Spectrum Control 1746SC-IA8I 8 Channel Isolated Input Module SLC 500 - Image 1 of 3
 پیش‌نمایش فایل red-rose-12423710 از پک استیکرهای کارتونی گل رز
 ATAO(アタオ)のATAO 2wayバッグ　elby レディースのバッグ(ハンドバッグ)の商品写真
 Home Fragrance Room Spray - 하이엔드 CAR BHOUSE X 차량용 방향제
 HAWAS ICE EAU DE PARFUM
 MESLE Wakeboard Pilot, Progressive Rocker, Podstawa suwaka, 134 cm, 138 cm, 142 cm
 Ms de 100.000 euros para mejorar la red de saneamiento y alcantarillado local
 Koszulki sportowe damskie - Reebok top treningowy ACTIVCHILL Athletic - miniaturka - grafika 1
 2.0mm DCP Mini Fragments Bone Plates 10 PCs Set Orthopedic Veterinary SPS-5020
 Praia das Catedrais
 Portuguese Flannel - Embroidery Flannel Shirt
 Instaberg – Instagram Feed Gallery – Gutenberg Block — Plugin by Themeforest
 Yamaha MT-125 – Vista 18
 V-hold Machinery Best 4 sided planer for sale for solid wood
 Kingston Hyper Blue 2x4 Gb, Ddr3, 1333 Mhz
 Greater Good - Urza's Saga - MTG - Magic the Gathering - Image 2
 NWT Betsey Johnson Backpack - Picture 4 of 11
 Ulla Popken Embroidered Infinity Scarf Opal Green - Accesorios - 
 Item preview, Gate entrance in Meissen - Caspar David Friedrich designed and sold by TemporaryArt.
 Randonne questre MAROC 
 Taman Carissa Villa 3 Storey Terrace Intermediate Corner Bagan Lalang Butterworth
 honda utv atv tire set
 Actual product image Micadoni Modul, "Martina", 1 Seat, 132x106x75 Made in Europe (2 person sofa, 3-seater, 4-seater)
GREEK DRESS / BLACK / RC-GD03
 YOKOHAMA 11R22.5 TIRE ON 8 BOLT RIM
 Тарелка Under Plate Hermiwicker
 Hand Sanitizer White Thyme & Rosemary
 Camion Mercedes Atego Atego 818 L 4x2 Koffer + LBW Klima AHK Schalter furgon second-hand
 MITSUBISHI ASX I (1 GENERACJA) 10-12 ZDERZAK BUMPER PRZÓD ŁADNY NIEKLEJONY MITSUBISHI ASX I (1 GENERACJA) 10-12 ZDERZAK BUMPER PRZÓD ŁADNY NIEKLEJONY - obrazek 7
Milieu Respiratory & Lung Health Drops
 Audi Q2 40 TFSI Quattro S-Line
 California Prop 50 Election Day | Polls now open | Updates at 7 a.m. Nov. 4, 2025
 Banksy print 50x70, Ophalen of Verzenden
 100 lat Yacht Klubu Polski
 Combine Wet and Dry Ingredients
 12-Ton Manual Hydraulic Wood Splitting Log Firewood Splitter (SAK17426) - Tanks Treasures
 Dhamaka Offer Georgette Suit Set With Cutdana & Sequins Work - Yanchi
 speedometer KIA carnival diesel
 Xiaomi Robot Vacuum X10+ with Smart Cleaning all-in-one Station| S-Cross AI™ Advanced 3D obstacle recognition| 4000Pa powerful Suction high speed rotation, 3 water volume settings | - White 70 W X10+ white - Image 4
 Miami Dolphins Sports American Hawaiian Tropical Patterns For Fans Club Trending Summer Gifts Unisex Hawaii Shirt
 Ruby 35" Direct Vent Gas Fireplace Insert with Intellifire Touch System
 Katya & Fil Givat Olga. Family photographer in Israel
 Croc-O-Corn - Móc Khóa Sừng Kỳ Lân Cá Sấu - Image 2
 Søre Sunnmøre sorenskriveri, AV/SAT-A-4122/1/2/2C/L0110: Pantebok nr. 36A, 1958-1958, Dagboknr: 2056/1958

--

**THE PROBLEM**
Transcribe the lines above between the line holding "California Prop 50" and the line holding "12-Ton Manual Hydraulic", inclusive, exactly as they stand and with nothing added.

**WRITTEN SOLUTION**
 California Prop 50 Election Day | Polls now open | Updates at 7 a.m. Nov. 4, 2025
 Banksy print 50x70, Ophalen of Verzenden
 100 lat Yacht Klubu Polski
 Combine Wet and Dry Ingredients
 12-Ton Manual Hydraulic Wood Splitting Log Firewood Splitter (SAK17426) - Tanks Treasures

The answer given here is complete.